• WHAT TO WORK ON
For every line below, set down an identical copy.

• Dataset entries
· · ·

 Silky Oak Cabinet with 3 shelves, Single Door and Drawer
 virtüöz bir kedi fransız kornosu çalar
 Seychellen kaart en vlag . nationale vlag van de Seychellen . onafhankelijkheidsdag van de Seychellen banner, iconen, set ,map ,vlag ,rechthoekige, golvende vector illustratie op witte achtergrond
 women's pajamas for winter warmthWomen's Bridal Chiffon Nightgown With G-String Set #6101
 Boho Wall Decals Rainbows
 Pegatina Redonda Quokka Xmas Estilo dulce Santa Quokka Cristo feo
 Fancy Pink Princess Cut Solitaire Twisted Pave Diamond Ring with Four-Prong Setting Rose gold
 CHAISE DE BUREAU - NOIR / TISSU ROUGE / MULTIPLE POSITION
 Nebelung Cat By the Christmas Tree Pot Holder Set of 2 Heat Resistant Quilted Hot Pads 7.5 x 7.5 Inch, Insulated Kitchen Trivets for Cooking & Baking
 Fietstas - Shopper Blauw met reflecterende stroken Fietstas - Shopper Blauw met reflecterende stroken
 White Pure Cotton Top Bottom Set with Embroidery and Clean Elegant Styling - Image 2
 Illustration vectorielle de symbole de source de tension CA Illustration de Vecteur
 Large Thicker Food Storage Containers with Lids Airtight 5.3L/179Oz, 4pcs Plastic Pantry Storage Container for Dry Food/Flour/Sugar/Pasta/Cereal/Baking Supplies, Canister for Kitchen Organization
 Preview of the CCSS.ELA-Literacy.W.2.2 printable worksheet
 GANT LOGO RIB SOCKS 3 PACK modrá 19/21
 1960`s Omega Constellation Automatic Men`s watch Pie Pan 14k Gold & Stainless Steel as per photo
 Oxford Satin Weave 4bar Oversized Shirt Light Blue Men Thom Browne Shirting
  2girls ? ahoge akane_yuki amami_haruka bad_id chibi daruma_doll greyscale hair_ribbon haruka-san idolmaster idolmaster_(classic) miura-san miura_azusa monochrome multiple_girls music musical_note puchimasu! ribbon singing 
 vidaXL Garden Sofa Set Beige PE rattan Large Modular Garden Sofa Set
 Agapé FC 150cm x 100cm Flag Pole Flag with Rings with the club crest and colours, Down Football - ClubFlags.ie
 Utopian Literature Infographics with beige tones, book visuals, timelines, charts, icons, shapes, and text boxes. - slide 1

· · ·

• EXERCISE SOLUTION
 Silky Oak Cabinet with 3 shelves, Single Door and Drawer
 virtüöz bir kedi fransız kornosu çalar
 Seychellen kaart en vlag . nationale vlag van de Seychellen . onafhankelijkheidsdag van de Seychellen banner, iconen, set ,map ,vlag ,rechthoekige, golvende vector illustratie op witte achtergrond
 women's pajamas for winter warmthWomen's Bridal Chiffon Nightgown With G-String Set #6101
 Boho Wall Decals Rainbows
 Pegatina Redonda Quokka Xmas Estilo dulce Santa Quokka Cristo feo
 Fancy Pink Princess Cut Solitaire Twisted Pave Diamond Ring with Four-Prong Setting Rose gold
 CHAISE DE BUREAU - NOIR / TISSU ROUGE / MULTIPLE POSITION
 Nebelung Cat By the Christmas Tree Pot Holder Set of 2 Heat Resistant Quilted Hot Pads 7.5 x 7.5 Inch, Insulated Kitchen Trivets for Cooking & Baking
 Fietstas - Shopper Blauw met reflecterende stroken Fietstas - Shopper Blauw met reflecterende stroken
 White Pure Cotton Top Bottom Set with Embroidery and Clean Elegant Styling - Image 2
 Illustration vectorielle de symbole de source de tension CA Illustration de Vecteur
 Large Thicker Food Storage Containers with Lids Airtight 5.3L/179Oz, 4pcs Plastic Pantry Storage Container for Dry Food/Flour/Sugar/Pasta/Cereal/Baking Supplies, Canister for Kitchen Organization
 Preview of the CCSS.ELA-Literacy.W.2.2 printable worksheet
 GANT LOGO RIB SOCKS 3 PACK modrá 19/21
 1960`s Omega Constellation Automatic Men`s watch Pie Pan 14k Gold & Stainless Steel as per photo
 Oxford Satin Weave 4bar Oversized Shirt Light Blue Men Thom Browne Shirting
  2girls ? ahoge akane_yuki amami_haruka bad_id chibi daruma_doll greyscale hair_ribbon haruka-san idolmaster idolmaster_(classic) miura-san miura_azusa monochrome multiple_girls music musical_note puchimasu! ribbon singing 
 vidaXL Garden Sofa Set Beige PE rattan Large Modular Garden Sofa Set
 Agapé FC 150cm x 100cm Flag Pole Flag with Rings with the club crest and colours, Down Football - ClubFlags.ie
 Utopian Literature Infographics with beige tones, book visuals, timelines, charts, icons, shapes, and text boxes. - slide 1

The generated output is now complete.